Further information on evaluation strategies in ECMAScript.
As with C, ultimately, everything is passed by value. Unlike C, you can't actually back up and pass the location of a variable, because it doesn't have pointers, just references.
And the references it has are all to objects, not variables. There are several ways of achieving the same result, but they have to be done by hand, not just adding a keyword at either the call or declaration site.
JavaScript is pass by value.
For primitives, primitive's value is passed. For Objects, Object's reference "value" is passed.
Example with Object:
var f1 = function(inputObject){
inputObject.a = 2;
}
var f2 = function(){
var inputObject = {"a": 1};
f1(inputObject);
console.log(inputObject.a);
}
Calling f2 results in printing out "a" value as 2 instead of 1, as the reference is passed and the "a" value in reference is updated.
Example with primitive:
var f1 = function(a){
a = 2;
}
var f2 = function(){
var a = 1;
f1(a);
console.log(a);
}
Calling f2 results in printing out "a" value as 1.
In the interest of creating a simple example that uses const...
const myRef = { foo: 'bar' };
const myVal = true;
function passes(r, v) {
r.foo = 'baz';
v = false;
}
passes(myRef, myVal);
console.log(myRef, myVal); // Object {foo: "baz"} true
In practical terms, Alnitak is correct and makes it easy to understand, but ultimately in JavaScript, everything is passed by value.
What is the "value" of an object? It is the object reference.

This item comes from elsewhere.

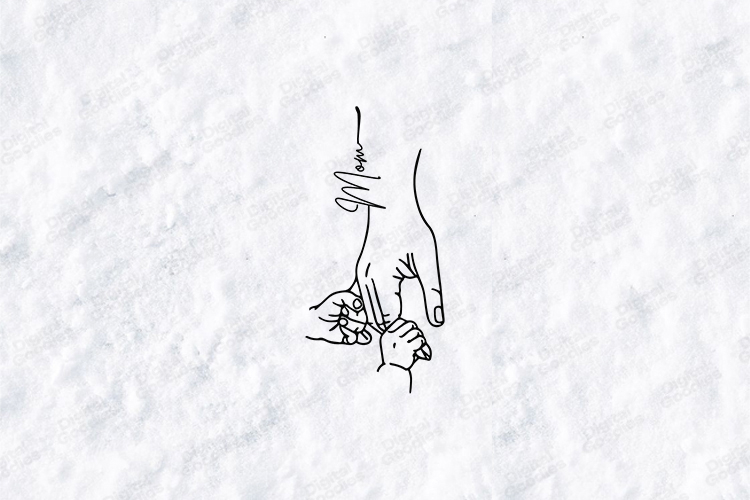 Mom Line Art SVG - Mother and Child Hands Minimalist Art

When you pass in an object, you get a copy of this value (hence the 'copy of a reference' that Alnitak described). If you change this value, you do not change the original object; you are changing your copy of that reference.
"Global" JavaScript variables are members of the window object. You could access the reference as a member of the window object.
var v = "initialized";
function byref(ref) {
window[ref] = "changed by ref";
}
byref((function(){for(r in window){if(window[r]===v){return(r);}}})());
// It could also be called like... byref('v');
console.log(v); // outputs changed by ref
Note, the above example will not work for variables declared within a function.
Without purisms, I think that the best way to emulate scalar argument by reference in JavaScript is using object, like previous an answer tells.
However, I do a little bit different:
I've made the object assignment inside function call, so one can see the reference parameters near the function call. It increases the source readability.
In function declaration, I put the properties like a comment, for the very same reason: readability.
var r;
funcWithRefScalars(r = {amount:200, message:null} );
console.log(r.amount + " - " + r.message);
function funcWithRefScalars(o) { // o(amount, message)
o.amount *= 1.2;
o.message = "20% increase";
}
In the above example, null indicates clearly an output reference parameter.
The exit:
240 - 20% Increase
On the client-side, console.log should be replaced by alert.
★ ★ ★
Another method that can be even more readable:
var amount, message;
funcWithRefScalars(amount = [200], message = [null] );
console.log(amount[0] + " - " + message[0]);
function funcWithRefScalars(amount, message) { // o(amount, message)
amount[0] *= 1.2;
message[0] = "20% increase";
}
Here you don't even need to create new dummy names, like r above.
I can't see pass-by-reference in the examples where people try to demonstrate such. I only see pass-by-value.
In the case of variables that hold a reference to an object, the reference is the value of those variables, and therefore the reference is passed, which is then pass-by-value.
In a statement like this,
var a = {
b: "foo",
c: "bar"
};
the value of the 'a' is not the Object, but the (so far only) reference to it. In other words, the object is not in the variable a - a reference to it is. I think this is something that seems difficult for programmers who are mainly only familiar with JavaScript. But it is easy for people who know also e.g. Java, C#, and C.
Objects are always pass by reference and primitives by value. Just keep that parameter at the same address for objects.
Here's some code to illustrate what I mean (try it in a JavaScript sandbox such as https://js.do/).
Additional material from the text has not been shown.